**Problem details**
Would you return the data exactly as given, except for its pictures?

━━ Source records

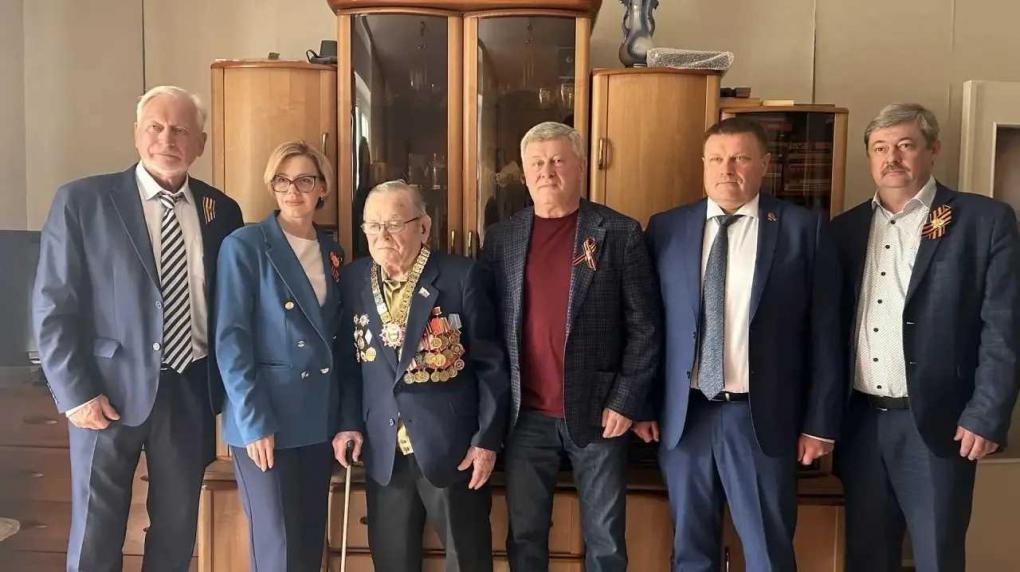 Министр здравоохранения Омской области навестил 105летнего ветерана Великой Отечественной войны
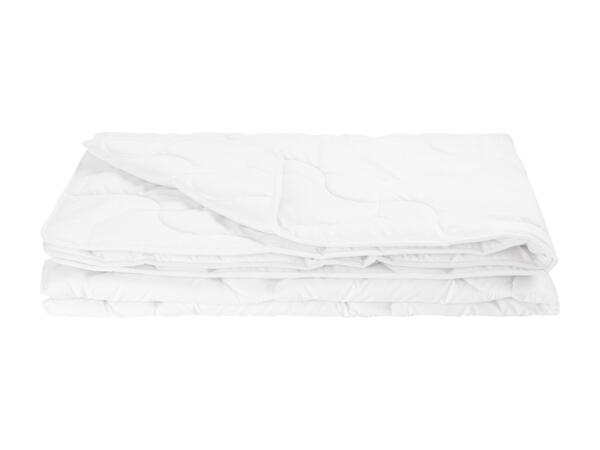 Couette en microfibre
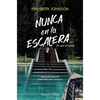 Nunca En La Escalera... (the Vanishing Stair) - Paperback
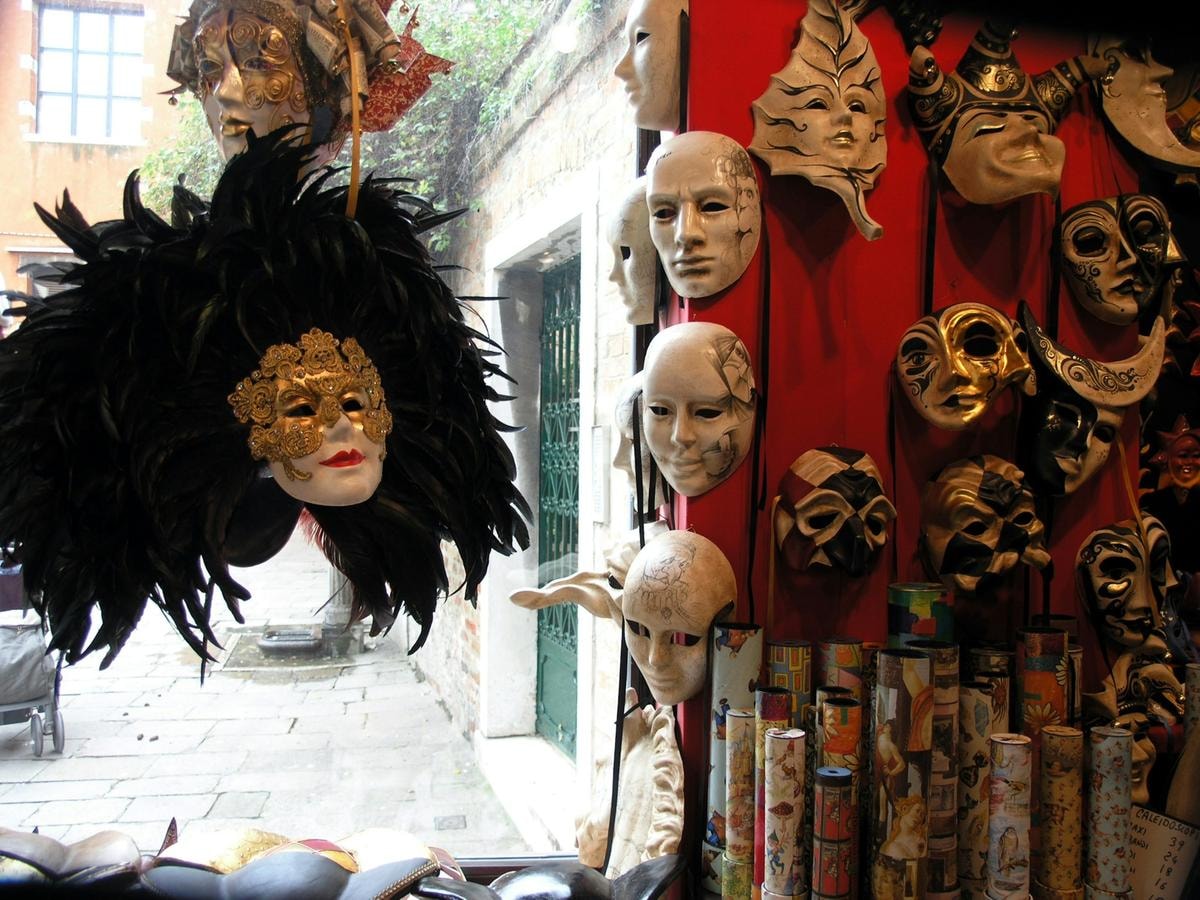 3 hotel dove soggiornare a Venezia durante il Carnevale. E 3 ristoranti dove mangiare 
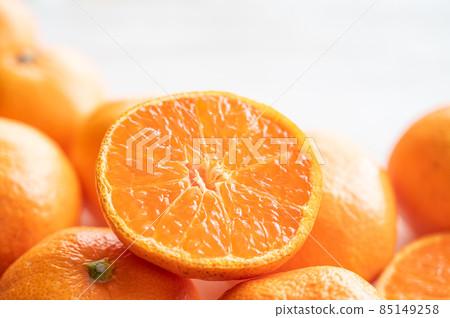 Cross section of Satsuma mandarin 85149258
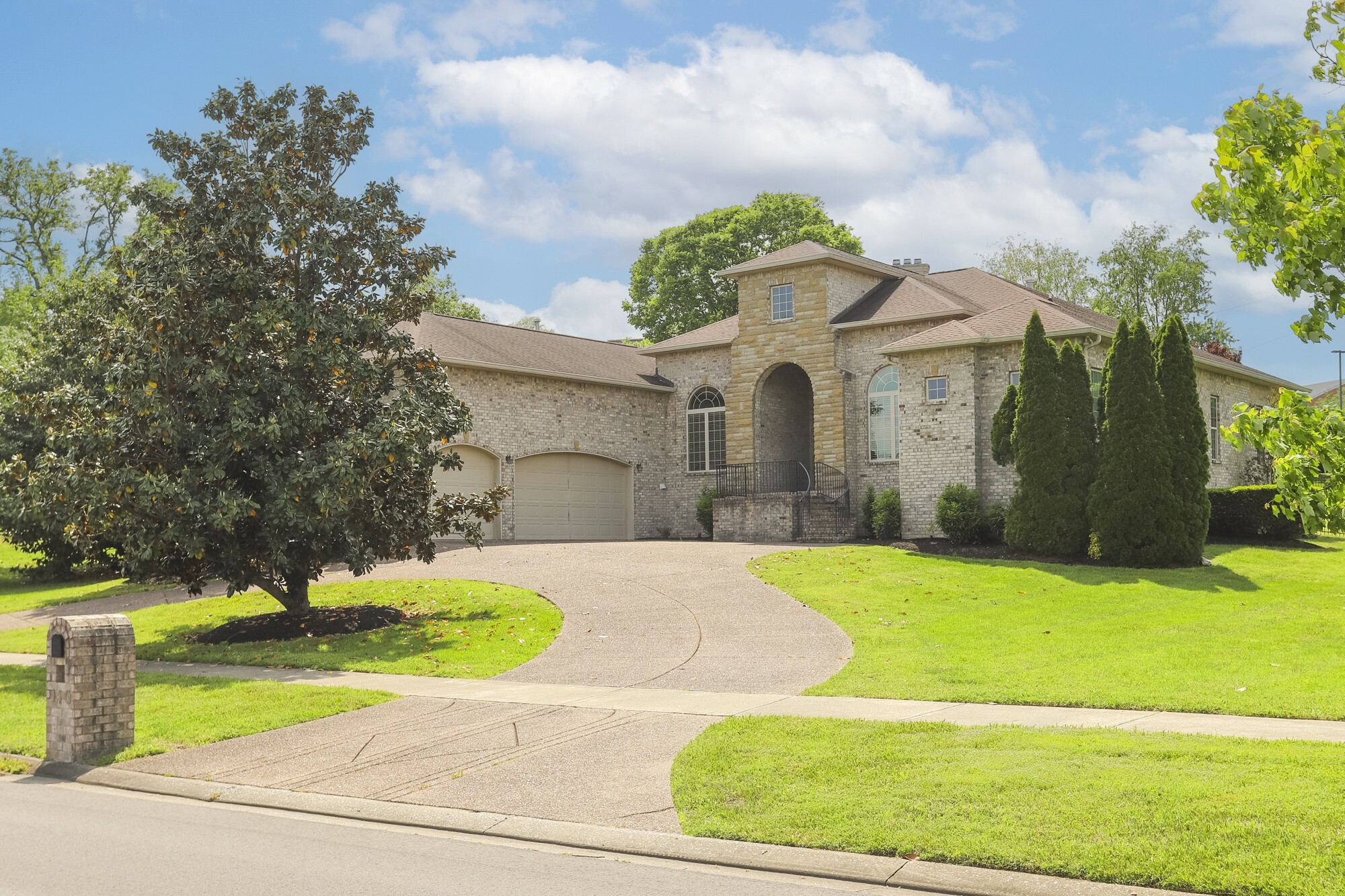 Property Photo: 110 Affirmed Dr TN 37075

━━━━

**Reply**
 Министр здравоохранения Омской области навестил 105летнего ветерана Великой Отечественной войны
 Couette en microfibre
 Nunca En La Escalera... (the Vanishing Stair) - Paperback
 3 hotel dove soggiornare a Venezia durante il Carnevale. E 3 ristoranti dove mangiare 
 Cross section of Satsuma mandarin 85149258
 Property Photo: 110 Affirmed Dr TN 37075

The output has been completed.